Statistical Efficiency of the Tau Measure of Location
For a sample $\mathbf{x} = (x_1, x_2, \ldots, x_n)$, the tau measure of location is defined as follows (described in Introduction to Robust Estimation and Hypothesis Testing, Edition 5, Section 3.8.1):
$$ \hat{\mu}_{\tau}(\mathbf{x}) = \left( \sum_{i=1}^n w_i x_i \right) / \left( \sum_{i=1}^n w_i \right), $$where
$$ w_i(\mathbf{x}) = W_c \left( \frac{x_i - \operatorname{median}(\mathbf{x})}{\operatorname{MAD}(\mathbf{x})} \right), \quad W_c(x) = \left( 1 - (x/c)^2 \right)^2 \cdot I(|x| \leq c), $$where $I$ is the indicator function, $\operatorname{MAD}$ is the median absolute deviation, $\operatorname{median}$ is the sample median, and $c$ is a constant (the proposed default value is 4.5).

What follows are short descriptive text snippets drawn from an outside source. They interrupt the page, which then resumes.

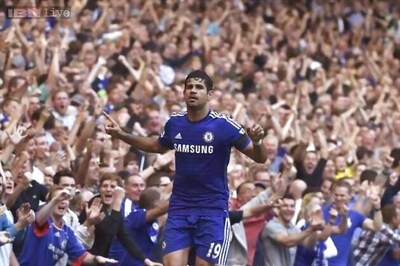 Chelsea's Diego Costa to face Manchester City, despite fitness fight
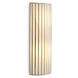 Monari 2 Light 10.24 inch Antique Brass and Handmade Glass Wall Lamp Wall Light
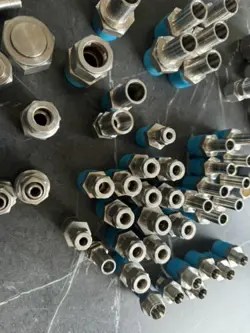 SIZES FITTINGS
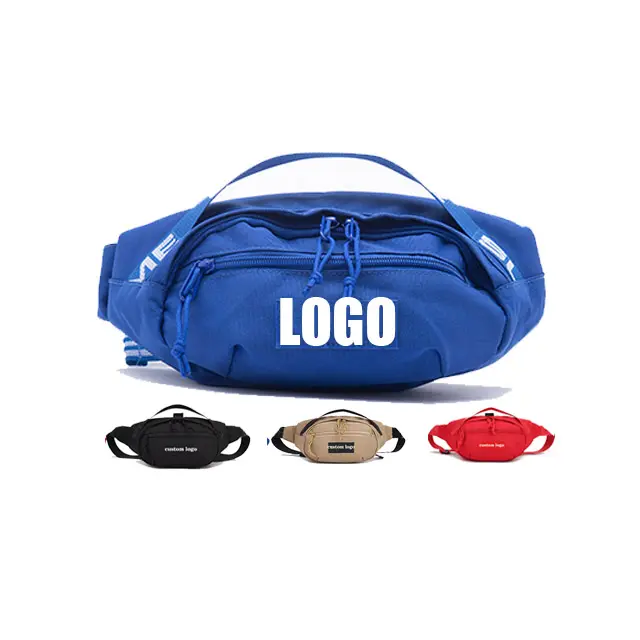 Hip Hop Trendy Fashion Waterproof Canvas 4 colors Shoulder Bag Famous Designer Brand Men funny pack waist bag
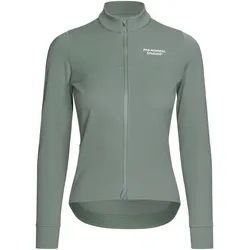 Pas Normal Studios Women's Essential Thermal Long Sleeve Jersey Warmes Langarmtrikot für Frauen - darkceleste - M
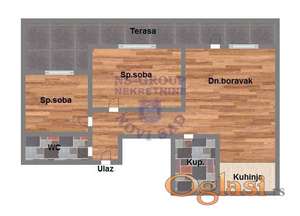 - Vanvremenski kvalitet gradnje - Telep 73m2 - Sa PDV-om -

In this post, we briefly check out the statistical efficiency of this measure compared to the mean, the median, and Hodges-Lehmann Estimator.
Let us evaluate the sampling distribution from the standard normal distribution $\mathcal{N}(0, 1)$, the standard uniform distribution $\mathcal{U}(0, 1)$, and the standard exponential distribution $\operatorname{Exp}(1)$ for $n \in \{ 10, 30, 90 \}$:
As we can see, the tau measure of location is slightly more efficient than the median, but it still lags behind the Hodges-Lehmann estimator.